◆ Input records:

Segment Open

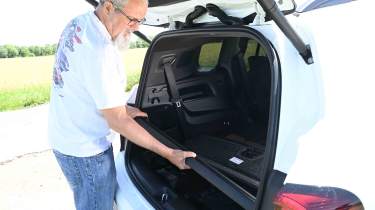 Mercedes GLB electric - parcel shelf storage with senior test editor, Dean Gibson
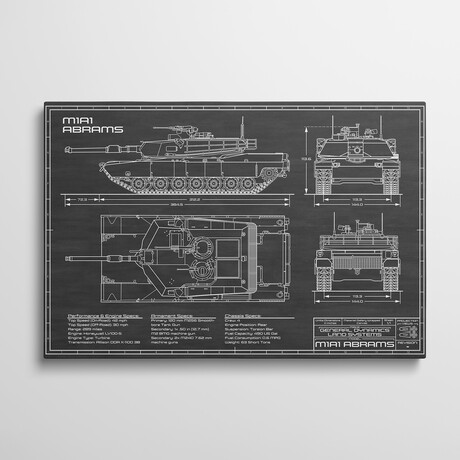 1980 M1A1 Abrams Battle Tank | Black by Action Blueprints (18"H x 26"W x 1.5"D)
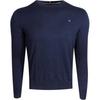 Logo Embroidered Lightweight Crew Neck Long Sleeve Pullover Sweater Men Sweater Navy-Blue 78J0460-410
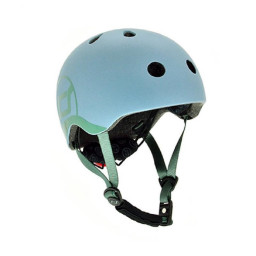 Шлем защитный детский Scoot and Ride SR-181206-STEEL, серо-синий, с фонариком, 45-51 см Шлем защитный детский Scoot and Ride SR-181206-STEEL, серо-синий, с фонариком, 45-51 см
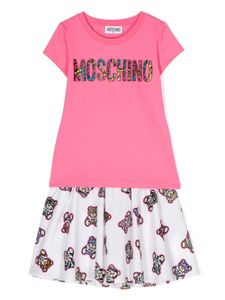 Moschino Kids survêtement en coton à logo imprimé - Rose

Segment Closed

◆ Instructions for the task: Would you please write out the entries in full, exactly as they read, but without pictures?

◆ Exercise response:
 Mercedes GLB electric - parcel shelf storage with senior test editor, Dean Gibson
 1980 M1A1 Abrams Battle Tank | Black by Action Blueprints (18"H x 26"W x 1.5"D)
 Logo Embroidered Lightweight Crew Neck Long Sleeve Pullover Sweater Men Sweater Navy-Blue 78J0460-410
 Шлем защитный детский Scoot and Ride SR-181206-STEEL, серо-синий, с фонариком, 45-51 см Шлем защитный детский Scoot and Ride SR-181206-STEEL, серо-синий, с фонариком, 45-51 см
 Moschino Kids survêtement en coton à logo imprimé - Rose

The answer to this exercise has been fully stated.